===== Records provided =====

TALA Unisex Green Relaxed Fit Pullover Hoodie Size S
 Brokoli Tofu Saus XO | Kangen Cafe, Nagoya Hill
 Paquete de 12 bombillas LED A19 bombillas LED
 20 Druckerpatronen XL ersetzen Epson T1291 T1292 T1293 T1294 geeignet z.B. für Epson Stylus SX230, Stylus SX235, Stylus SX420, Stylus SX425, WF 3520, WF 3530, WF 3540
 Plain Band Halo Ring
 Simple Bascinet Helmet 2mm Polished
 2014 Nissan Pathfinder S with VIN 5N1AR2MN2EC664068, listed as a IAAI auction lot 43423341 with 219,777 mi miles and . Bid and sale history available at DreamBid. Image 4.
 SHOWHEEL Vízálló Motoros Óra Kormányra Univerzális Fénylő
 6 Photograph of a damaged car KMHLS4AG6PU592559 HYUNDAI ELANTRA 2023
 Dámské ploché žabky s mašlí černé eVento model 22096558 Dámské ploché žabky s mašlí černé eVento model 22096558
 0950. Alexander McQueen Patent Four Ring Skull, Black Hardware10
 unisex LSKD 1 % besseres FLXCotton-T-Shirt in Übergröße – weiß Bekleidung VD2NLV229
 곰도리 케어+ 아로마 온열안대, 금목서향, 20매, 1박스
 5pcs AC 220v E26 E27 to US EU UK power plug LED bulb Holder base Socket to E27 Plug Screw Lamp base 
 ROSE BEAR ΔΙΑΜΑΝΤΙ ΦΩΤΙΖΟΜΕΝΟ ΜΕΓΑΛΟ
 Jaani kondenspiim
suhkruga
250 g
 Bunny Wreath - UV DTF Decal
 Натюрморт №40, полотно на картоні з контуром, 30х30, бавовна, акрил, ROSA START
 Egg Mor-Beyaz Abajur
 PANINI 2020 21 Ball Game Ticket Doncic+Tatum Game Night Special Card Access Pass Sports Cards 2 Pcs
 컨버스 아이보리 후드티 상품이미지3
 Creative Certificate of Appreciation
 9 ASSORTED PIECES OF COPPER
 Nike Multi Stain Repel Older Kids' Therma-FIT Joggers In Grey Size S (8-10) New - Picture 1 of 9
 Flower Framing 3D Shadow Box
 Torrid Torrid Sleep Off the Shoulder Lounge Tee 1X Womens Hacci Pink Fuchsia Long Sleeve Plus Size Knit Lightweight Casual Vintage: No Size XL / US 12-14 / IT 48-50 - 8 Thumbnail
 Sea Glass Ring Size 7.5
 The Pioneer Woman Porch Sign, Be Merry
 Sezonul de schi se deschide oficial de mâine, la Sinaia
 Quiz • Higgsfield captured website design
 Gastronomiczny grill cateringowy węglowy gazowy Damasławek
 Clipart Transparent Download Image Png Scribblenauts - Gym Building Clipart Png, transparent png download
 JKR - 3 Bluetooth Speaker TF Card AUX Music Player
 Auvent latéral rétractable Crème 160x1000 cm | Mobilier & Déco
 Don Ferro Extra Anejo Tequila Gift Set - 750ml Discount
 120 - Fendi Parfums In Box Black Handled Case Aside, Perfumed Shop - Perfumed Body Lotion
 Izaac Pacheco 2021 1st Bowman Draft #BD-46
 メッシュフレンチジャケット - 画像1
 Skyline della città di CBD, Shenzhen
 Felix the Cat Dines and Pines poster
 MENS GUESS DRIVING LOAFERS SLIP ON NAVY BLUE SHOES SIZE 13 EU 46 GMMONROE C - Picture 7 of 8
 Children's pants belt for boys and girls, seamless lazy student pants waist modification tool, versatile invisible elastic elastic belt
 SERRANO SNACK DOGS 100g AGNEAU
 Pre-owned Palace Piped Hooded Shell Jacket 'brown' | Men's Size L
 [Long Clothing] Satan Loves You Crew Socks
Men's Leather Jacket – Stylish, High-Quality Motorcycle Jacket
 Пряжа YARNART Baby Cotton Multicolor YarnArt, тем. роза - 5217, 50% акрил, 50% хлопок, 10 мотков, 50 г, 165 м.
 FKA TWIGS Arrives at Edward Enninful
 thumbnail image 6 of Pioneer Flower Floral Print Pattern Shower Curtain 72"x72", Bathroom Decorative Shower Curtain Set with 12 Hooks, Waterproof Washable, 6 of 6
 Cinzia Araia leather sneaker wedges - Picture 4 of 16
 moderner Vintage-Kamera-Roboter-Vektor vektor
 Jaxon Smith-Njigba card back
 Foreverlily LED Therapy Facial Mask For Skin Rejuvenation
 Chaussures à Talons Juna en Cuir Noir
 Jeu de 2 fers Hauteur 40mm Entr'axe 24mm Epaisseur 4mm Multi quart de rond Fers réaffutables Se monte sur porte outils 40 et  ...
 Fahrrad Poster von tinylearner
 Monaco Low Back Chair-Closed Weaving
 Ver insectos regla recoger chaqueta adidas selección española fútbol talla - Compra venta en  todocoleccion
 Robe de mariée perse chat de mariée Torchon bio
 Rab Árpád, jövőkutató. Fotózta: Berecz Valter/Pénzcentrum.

=====

Work instruction:
Among the lines of the entries above, count those containing the string "Flower". Write the number alone.

Exercise output:
2